Insurance is mostly about guarding against unusual losses to life's everyday essentials — from your home or car to your health. But some folks have more at stake than the essentials, from art collections or exotic autos to deeply sentimental items.
One of the challenges of underwriting such unusual possessions is estimating their value, says Arch E. Trimble IV, director of strategic relationships for RSS Insurance in Chattanooga.
"You have to have a professional appraiser come in," he says. "Generally when you're talking about a substantial collection, it's hard to find someone qualified to handle that much stuff."
Trimble has among his clients a collector who has gathered items as varied as the old soda fountains from the Loveman's downtown lunch counter to an entire hardware store — which he kept just as he found it.
"When they cleaned out Loveman's, he went in and bought a lot of the hardware," Trimble says. "He bought a hardware store in Middle Tennessee and shut it down and kept everything on the shelves.
"He's a history buff, and he didn't want a thing like that to go to waste."
RSS also wrote the coverage for a large collection of Civil War artifacts, Trimble adds.
"Uniforms, swords, rifles, anything and everything pertinent to the war," he says. "You get some quirky stuff. It's amazing what people will spend money on in their free time, and they want to protect it."
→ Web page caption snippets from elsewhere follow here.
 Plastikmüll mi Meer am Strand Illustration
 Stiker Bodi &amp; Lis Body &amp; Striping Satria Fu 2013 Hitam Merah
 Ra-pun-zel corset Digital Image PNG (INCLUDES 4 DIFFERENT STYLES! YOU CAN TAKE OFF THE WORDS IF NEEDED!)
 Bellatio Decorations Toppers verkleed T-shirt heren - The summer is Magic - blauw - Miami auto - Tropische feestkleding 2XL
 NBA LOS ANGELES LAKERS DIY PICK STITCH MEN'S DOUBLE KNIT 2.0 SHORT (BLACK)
Trimble has done a lot of work with nonprofit organizations and churches, and helped a local synagogue have a large collection of religious items appraised and insured.
"They had pre-World War II Torahs, statues and Jewish artwork that was saved from the Nazis in the '30s," he says.
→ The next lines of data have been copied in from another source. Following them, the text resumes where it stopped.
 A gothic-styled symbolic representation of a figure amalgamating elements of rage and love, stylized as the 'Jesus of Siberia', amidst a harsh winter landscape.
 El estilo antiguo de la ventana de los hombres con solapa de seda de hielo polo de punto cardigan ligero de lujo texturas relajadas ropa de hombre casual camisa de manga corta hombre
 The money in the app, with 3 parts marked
RSS also specializes in insuring businesses that are a bit out of the ordinary, such as heavy industry and manufacturing, Trimble says.
"It takes some experience in the game to get those contracts," he says. "It's a little more in-depth than writing a law firm."
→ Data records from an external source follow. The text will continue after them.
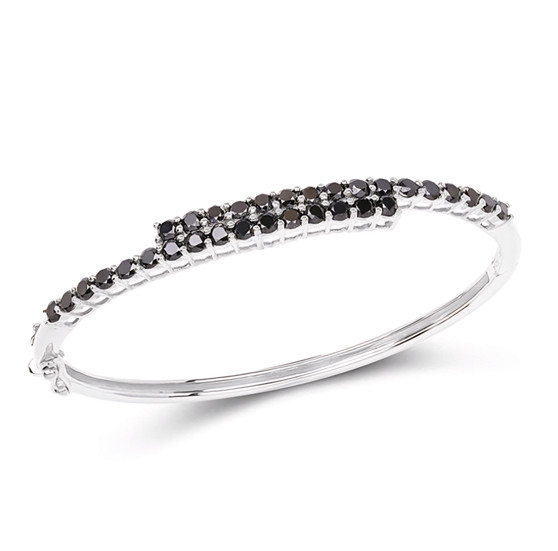 front view of black diamond bypass bangle bracelet in rhodium over sterling silver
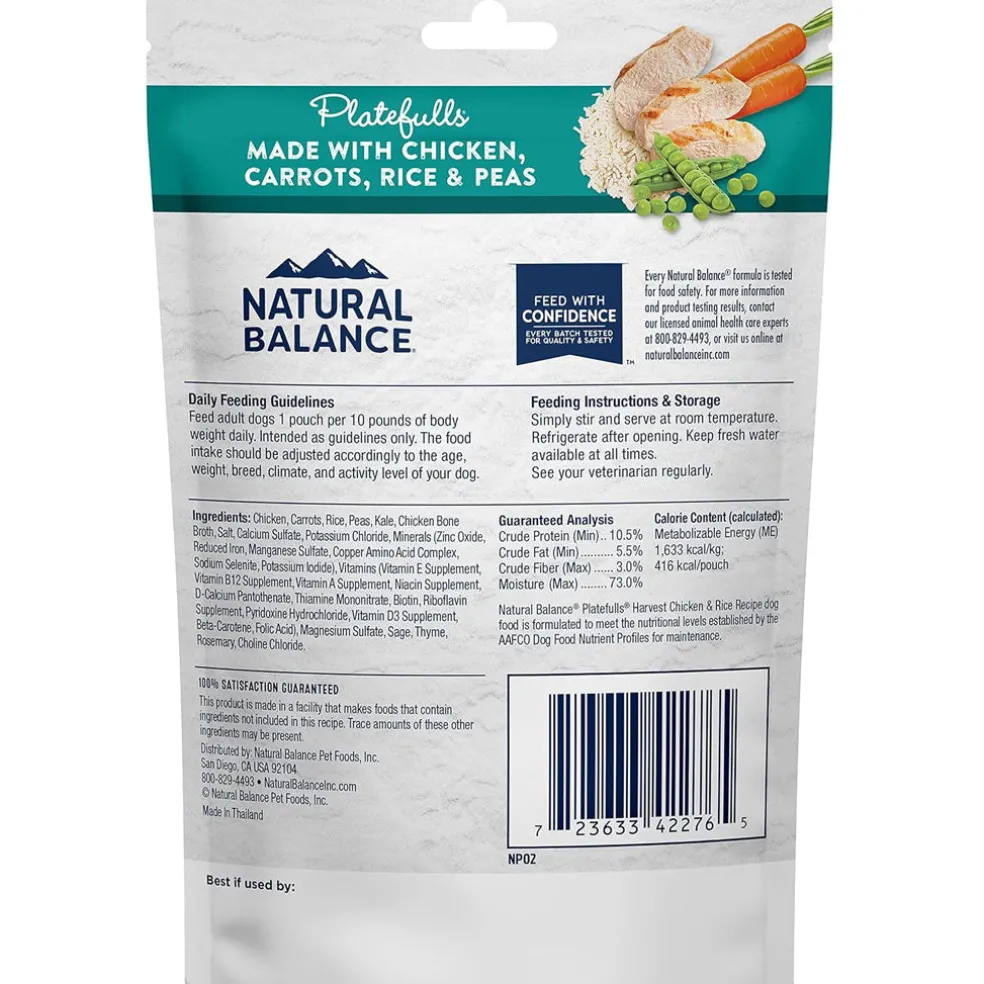 Natural Balance Pet Foods Original Ultra Platefulls Wet Dog Food Pouch Harvest Chicken & Rice Recipe, 9-oz case of 12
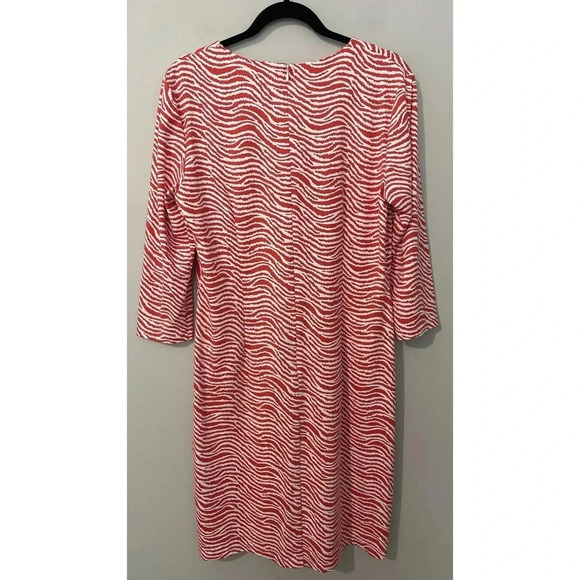J McLaughlin Sophia Dress Women’s Large Orange Catalina Cloth Sheath Radio Waves - Picture 5 of 15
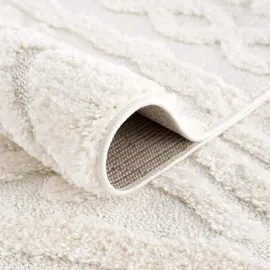 Carpet City Teppich Wohnzimmer Hochflor Creme - Läufer 80x300 cm - Rauten Hochtief-Muster, 3D-Effekt - Bettvorleger Schlafzimmer Teppiche Boho, Skandi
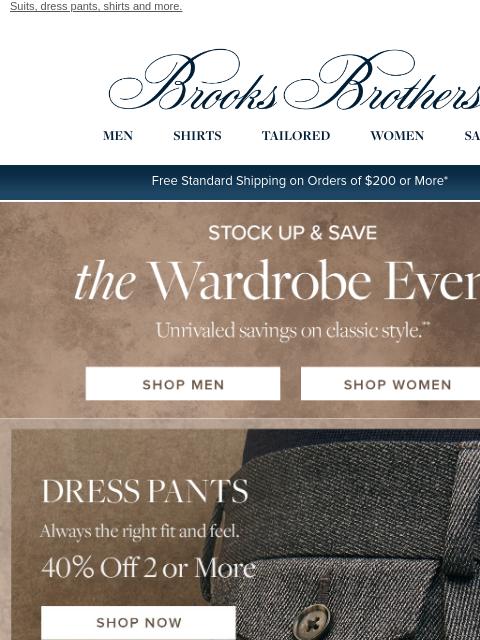 brooksbrothers newsletter: Wardrobe Event: Tailored style, specially priced.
Trimble's RSS colleague Kyle Stephens, a client executive, recently did the legwork to underwrite a roller skate manufacturer.
"The biggest sticking point is product liability," Stephens says. "If a seam tears, if glue comes undone, if someone falls, they could sure the manufacturer."
He has recently spent time figuring out the details of how to cover a mirror manufacturer in Maryville, Tennessee. Stephens says, And he has a client — a dentist — who has invented a three-headed toothbrush, and was on the market for product liability coverage, Stephens adds.
"He sells them on Amazon," he says.
At Rock Creek Insurance, owner Christina Nuar has a client whose unusual collection requires regular replenishment and re-evaluation.
"He has a very expensive wine collection," Nuar says. "That's a tricky one because as wine ages it changes in value, so it's something he has to assess every couple of years."
But her client isn't just a collector — he also drinks the wine, Nuar adds, and that changes the mix, as well.
"He gets them reappraised, and he also has to re-evaluate his inventory," she says. "It's ever-changing. At least once a year we have a discussion about it."